Bat Colonies Overwhelming Australian Gardens

Elizabeth M. Tasker
for National Geographic News
October 29, 2002

The demand for real estate in Sydney and Melbourne is at an all-time high, and not just among people. The grey-headed flying fox, a large Australian bat that feeds on fruit and nectar, has established permanent "camps" in the botanical gardens of both cities.

The thousands of flying foxes living year-round in the oldest groves in both gardens are stripping leaves and breaking branches, damaging—and even killing—some of the trees.

Both bat camps are increasing in size, escalating the need to find ways to minimize damage to the Royal Botanic Gardens in Melbourne and Sydney. At the same time, the Australian government has classified the grey-headed flying fox as a vulnerable species, as its numbers decline throughout much of the country.

This dilemma—how to save the bats and also protect the gardens—has conservationists and arborists searching for solutions.

Real-Estate Connoisseurs

Grey-headed flying foxes are normally a nomadic species, moving through the landscape as the seasons change and food becomes available.

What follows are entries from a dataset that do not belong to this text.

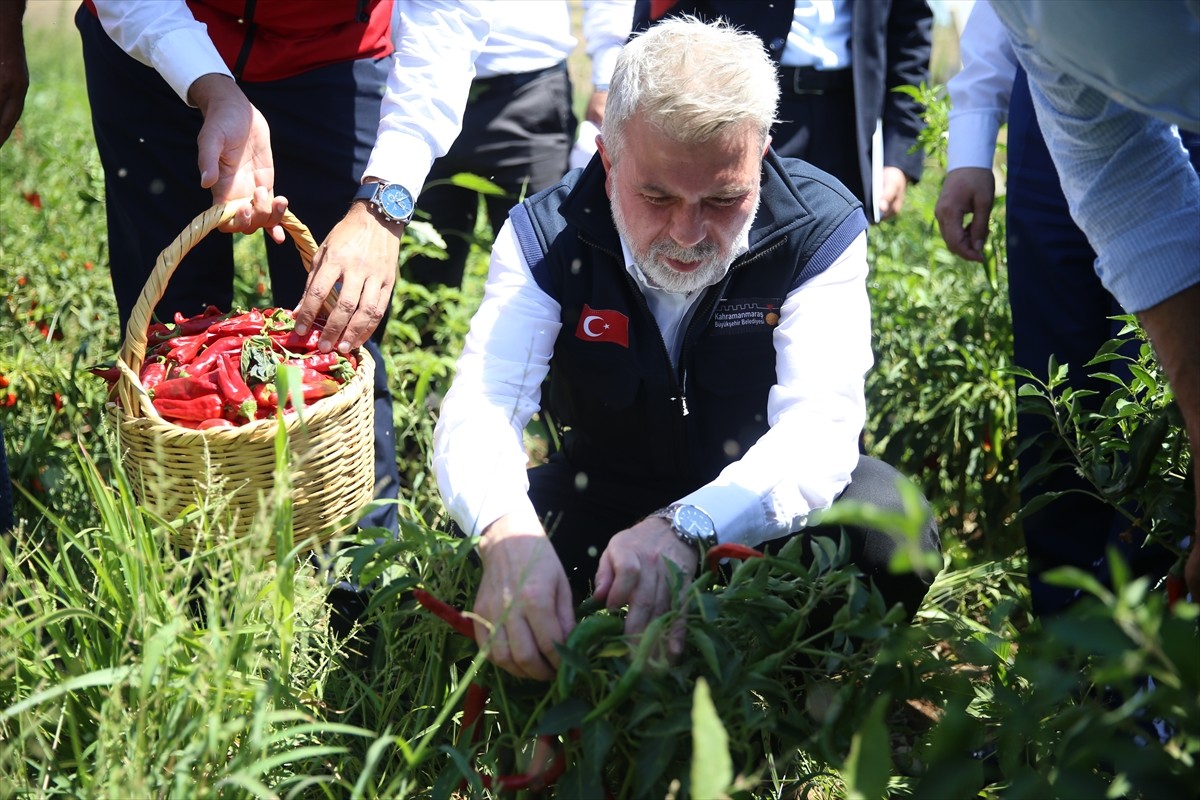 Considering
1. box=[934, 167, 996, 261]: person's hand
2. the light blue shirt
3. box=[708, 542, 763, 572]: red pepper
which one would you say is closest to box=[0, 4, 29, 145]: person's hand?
box=[708, 542, 763, 572]: red pepper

Flying foxes have always been drawn to Sydney's center. There are reports dating as far back as the 1850s of the bats trying to colonize the botanic gardens. But it wasn't until the 1980s that they were allowed to stay.

The bats camp in the trees; during the day up to 9,000 of them can be seen hanging upside down on branches like some sort of bizarre hairy screeching fruit. At dusk they stream out of the gardens by the thousands to feed on fruit trees and eucalyptus flowers throughout the city's suburbs.

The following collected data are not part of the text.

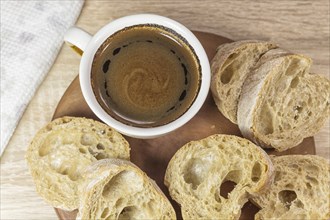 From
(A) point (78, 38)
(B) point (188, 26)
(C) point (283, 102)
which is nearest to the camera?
(A) point (78, 38)

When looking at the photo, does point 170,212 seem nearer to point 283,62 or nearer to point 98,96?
point 98,96

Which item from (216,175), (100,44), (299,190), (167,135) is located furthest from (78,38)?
(299,190)

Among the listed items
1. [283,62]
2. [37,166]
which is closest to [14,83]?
[37,166]

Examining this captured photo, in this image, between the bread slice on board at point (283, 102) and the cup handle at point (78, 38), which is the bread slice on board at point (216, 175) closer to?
the bread slice on board at point (283, 102)

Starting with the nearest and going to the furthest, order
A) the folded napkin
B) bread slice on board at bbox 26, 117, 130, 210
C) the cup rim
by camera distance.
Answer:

The grey-headed flying foxes also moved into the botanical gardens in Melbourne during the 1980s. Previously, they had shown little interest—flying foxes are essentially tropical mammals, and the temperatures were too cool for them.

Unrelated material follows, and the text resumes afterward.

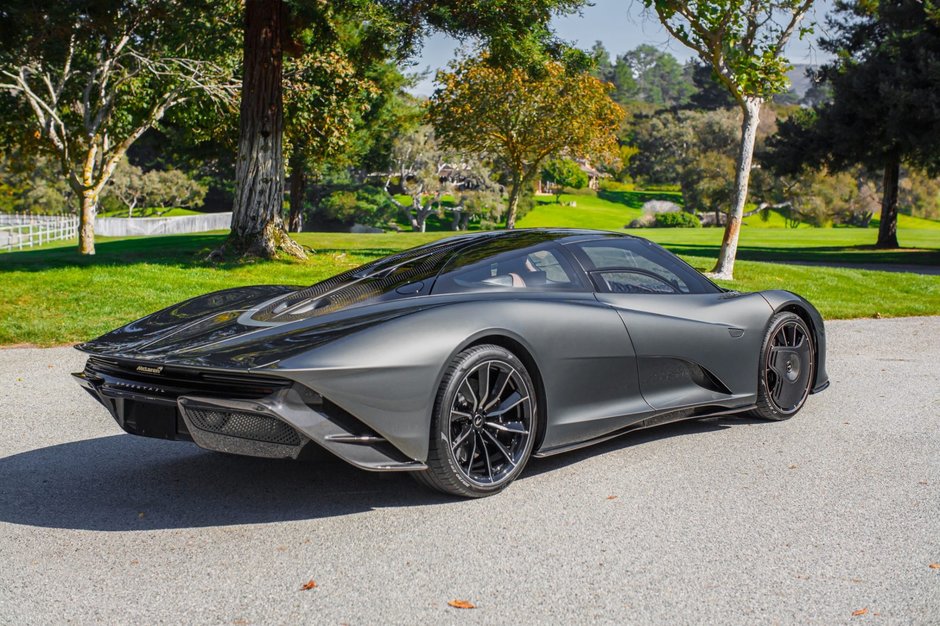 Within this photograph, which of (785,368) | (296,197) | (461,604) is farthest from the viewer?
(296,197)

However, the city has grown warmer. The growing lack of vegetation and extensive paved development—roads, sidewalks, parking lots, and buildings—have created a phenomenon known as the "urban heat island effect."

A recent study by ecologist Mark McDonnell, director of the Australian Research Centre for Urban Environments, suggests that this situation has contributed to the flying foxes taking up permanent residence in the city.

The Melbourne colony now has 5,000 permanent year-round residents, and swells to 20,000 bats in summer. It is the only breeding colony of flying foxes in the state of Victoria, and the southern-most colony in the world.